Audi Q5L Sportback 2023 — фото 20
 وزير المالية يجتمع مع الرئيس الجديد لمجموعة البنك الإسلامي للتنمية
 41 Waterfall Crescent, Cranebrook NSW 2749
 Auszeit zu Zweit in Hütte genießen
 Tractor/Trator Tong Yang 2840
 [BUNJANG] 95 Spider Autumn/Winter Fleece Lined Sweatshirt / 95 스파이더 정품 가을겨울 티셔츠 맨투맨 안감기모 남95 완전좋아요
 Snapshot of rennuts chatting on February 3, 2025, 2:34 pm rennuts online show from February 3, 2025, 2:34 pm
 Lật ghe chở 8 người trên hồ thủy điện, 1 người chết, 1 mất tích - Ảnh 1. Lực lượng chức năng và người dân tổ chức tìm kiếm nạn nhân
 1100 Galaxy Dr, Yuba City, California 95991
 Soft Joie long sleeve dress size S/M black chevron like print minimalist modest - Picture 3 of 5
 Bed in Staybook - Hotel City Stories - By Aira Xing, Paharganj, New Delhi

- **Directions for this task**: Nothing beyond the line that contains "Snapshot of rennuts" belongs in the answer; reproduce the entries exactly from their first line through it.

- **Task output**:
Audi Q5L Sportback 2023 — фото 20
 وزير المالية يجتمع مع الرئيس الجديد لمجموعة البنك الإسلامي للتنمية
 41 Waterfall Crescent, Cranebrook NSW 2749
 Auszeit zu Zweit in Hütte genießen
 Tractor/Trator Tong Yang 2840
 [BUNJANG] 95 Spider Autumn/Winter Fleece Lined Sweatshirt / 95 스파이더 정품 가을겨울 티셔츠 맨투맨 안감기모 남95 완전좋아요
 Snapshot of rennuts chatting on February 3, 2025, 2:34 pm rennuts online show from February 3, 2025, 2:34 pm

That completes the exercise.